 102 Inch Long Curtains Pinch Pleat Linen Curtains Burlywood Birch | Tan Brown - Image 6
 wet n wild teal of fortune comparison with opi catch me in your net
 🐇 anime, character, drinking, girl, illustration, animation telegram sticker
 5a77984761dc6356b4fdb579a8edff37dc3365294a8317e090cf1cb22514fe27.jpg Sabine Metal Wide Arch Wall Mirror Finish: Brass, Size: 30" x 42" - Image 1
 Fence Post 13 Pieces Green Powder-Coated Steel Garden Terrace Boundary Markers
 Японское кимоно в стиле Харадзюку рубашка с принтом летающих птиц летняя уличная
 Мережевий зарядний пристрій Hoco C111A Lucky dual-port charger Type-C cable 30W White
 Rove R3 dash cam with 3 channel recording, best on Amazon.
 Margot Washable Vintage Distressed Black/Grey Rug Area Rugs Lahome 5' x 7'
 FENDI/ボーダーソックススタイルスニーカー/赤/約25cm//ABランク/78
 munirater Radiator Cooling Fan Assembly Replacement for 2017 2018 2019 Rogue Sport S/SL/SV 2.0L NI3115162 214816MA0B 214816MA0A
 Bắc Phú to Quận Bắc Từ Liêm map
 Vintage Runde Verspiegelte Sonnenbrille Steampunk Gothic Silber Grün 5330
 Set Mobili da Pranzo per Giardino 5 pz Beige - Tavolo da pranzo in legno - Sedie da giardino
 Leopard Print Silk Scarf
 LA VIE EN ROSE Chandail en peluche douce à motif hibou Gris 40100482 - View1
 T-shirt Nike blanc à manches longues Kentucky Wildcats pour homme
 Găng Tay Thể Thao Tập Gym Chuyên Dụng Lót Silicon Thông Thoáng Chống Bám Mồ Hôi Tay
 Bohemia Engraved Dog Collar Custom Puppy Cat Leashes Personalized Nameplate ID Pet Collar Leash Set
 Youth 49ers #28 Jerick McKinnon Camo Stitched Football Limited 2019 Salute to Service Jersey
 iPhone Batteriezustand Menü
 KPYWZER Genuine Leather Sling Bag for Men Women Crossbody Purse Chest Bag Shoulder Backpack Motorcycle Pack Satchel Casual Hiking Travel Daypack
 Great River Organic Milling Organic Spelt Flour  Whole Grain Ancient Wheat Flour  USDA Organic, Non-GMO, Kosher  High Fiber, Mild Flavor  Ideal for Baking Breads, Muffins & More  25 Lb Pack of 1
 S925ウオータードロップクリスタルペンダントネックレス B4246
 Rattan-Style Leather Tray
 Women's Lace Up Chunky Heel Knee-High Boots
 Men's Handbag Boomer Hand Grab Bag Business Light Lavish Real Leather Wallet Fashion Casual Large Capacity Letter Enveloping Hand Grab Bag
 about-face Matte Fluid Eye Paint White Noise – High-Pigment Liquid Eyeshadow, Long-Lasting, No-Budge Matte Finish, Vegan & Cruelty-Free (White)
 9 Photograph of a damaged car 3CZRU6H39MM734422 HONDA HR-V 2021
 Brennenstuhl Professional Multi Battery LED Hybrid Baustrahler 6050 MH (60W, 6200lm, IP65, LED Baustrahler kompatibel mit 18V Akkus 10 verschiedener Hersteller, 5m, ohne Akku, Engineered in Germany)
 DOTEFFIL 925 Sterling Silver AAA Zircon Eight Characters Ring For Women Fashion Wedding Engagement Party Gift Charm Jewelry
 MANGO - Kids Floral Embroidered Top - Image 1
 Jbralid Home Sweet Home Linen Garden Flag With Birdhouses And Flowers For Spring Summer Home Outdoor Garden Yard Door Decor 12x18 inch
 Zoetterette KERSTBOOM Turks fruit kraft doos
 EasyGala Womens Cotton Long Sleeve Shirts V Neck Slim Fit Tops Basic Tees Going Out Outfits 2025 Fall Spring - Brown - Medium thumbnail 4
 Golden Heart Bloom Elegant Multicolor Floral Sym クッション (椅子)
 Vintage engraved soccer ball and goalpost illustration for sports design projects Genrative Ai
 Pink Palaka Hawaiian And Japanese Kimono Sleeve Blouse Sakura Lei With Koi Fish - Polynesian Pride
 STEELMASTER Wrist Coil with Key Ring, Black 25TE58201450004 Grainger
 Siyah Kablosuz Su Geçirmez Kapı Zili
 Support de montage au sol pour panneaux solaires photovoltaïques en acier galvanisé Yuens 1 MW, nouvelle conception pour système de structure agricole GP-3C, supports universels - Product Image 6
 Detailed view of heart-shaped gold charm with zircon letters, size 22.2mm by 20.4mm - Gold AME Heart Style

++++++

Each entry shown above must be retyped word for word.

 102 Inch Long Curtains Pinch Pleat Linen Curtains Burlywood Birch | Tan Brown - Image 6
 wet n wild teal of fortune comparison with opi catch me in your net
 🐇 anime, character, drinking, girl, illustration, animation telegram sticker
 5a77984761dc6356b4fdb579a8edff37dc3365294a8317e090cf1cb22514fe27.jpg Sabine Metal Wide Arch Wall Mirror Finish: Brass, Size: 30" x 42" - Image 1
 Fence Post 13 Pieces Green Powder-Coated Steel Garden Terrace Boundary Markers
 Японское кимоно в стиле Харадзюку рубашка с принтом летающих птиц летняя уличная
 Мережевий зарядний пристрій Hoco C111A Lucky dual-port charger Type-C cable 30W White
 Rove R3 dash cam with 3 channel recording, best on Amazon.
 Margot Washable Vintage Distressed Black/Grey Rug Area Rugs Lahome 5' x 7'
 FENDI/ボーダーソックススタイルスニーカー/赤/約25cm//ABランク/78
 munirater Radiator Cooling Fan Assembly Replacement for 2017 2018 2019 Rogue Sport S/SL/SV 2.0L NI3115162 214816MA0B 214816MA0A
 Bắc Phú to Quận Bắc Từ Liêm map
 Vintage Runde Verspiegelte Sonnenbrille Steampunk Gothic Silber Grün 5330
 Set Mobili da Pranzo per Giardino 5 pz Beige - Tavolo da pranzo in legno - Sedie da giardino
 Leopard Print Silk Scarf
 LA VIE EN ROSE Chandail en peluche douce à motif hibou Gris 40100482 - View1
 T-shirt Nike blanc à manches longues Kentucky Wildcats pour homme
 Găng Tay Thể Thao Tập Gym Chuyên Dụng Lót Silicon Thông Thoáng Chống Bám Mồ Hôi Tay
 Bohemia Engraved Dog Collar Custom Puppy Cat Leashes Personalized Nameplate ID Pet Collar Leash Set
 Youth 49ers #28 Jerick McKinnon Camo Stitched Football Limited 2019 Salute to Service Jersey
 iPhone Batteriezustand Menü
 KPYWZER Genuine Leather Sling Bag for Men Women Crossbody Purse Chest Bag Shoulder Backpack Motorcycle Pack Satchel Casual Hiking Travel Daypack
 Great River Organic Milling Organic Spelt Flour  Whole Grain Ancient Wheat Flour  USDA Organic, Non-GMO, Kosher  High Fiber, Mild Flavor  Ideal for Baking Breads, Muffins & More  25 Lb Pack of 1
 S925ウオータードロップクリスタルペンダントネックレス B4246
 Rattan-Style Leather Tray
 Women's Lace Up Chunky Heel Knee-High Boots
 Men's Handbag Boomer Hand Grab Bag Business Light Lavish Real Leather Wallet Fashion Casual Large Capacity Letter Enveloping Hand Grab Bag
 about-face Matte Fluid Eye Paint White Noise – High-Pigment Liquid Eyeshadow, Long-Lasting, No-Budge Matte Finish, Vegan & Cruelty-Free (White)
 9 Photograph of a damaged car 3CZRU6H39MM734422 HONDA HR-V 2021
 Brennenstuhl Professional Multi Battery LED Hybrid Baustrahler 6050 MH (60W, 6200lm, IP65, LED Baustrahler kompatibel mit 18V Akkus 10 verschiedener Hersteller, 5m, ohne Akku, Engineered in Germany)
 DOTEFFIL 925 Sterling Silver AAA Zircon Eight Characters Ring For Women Fashion Wedding Engagement Party Gift Charm Jewelry
 MANGO - Kids Floral Embroidered Top - Image 1
 Jbralid Home Sweet Home Linen Garden Flag With Birdhouses And Flowers For Spring Summer Home Outdoor Garden Yard Door Decor 12x18 inch
 Zoetterette KERSTBOOM Turks fruit kraft doos
 EasyGala Womens Cotton Long Sleeve Shirts V Neck Slim Fit Tops Basic Tees Going Out Outfits 2025 Fall Spring - Brown - Medium thumbnail 4
 Golden Heart Bloom Elegant Multicolor Floral Sym クッション (椅子)
 Vintage engraved soccer ball and goalpost illustration for sports design projects Genrative Ai
 Pink Palaka Hawaiian And Japanese Kimono Sleeve Blouse Sakura Lei With Koi Fish - Polynesian Pride
 STEELMASTER Wrist Coil with Key Ring, Black 25TE58201450004 Grainger
 Siyah Kablosuz Su Geçirmez Kapı Zili
 Support de montage au sol pour panneaux solaires photovoltaïques en acier galvanisé Yuens 1 MW, nouvelle conception pour système de structure agricole GP-3C, supports universels - Product Image 6
 Detailed view of heart-shaped gold charm with zircon letters, size 22.2mm by 20.4mm - Gold AME Heart Style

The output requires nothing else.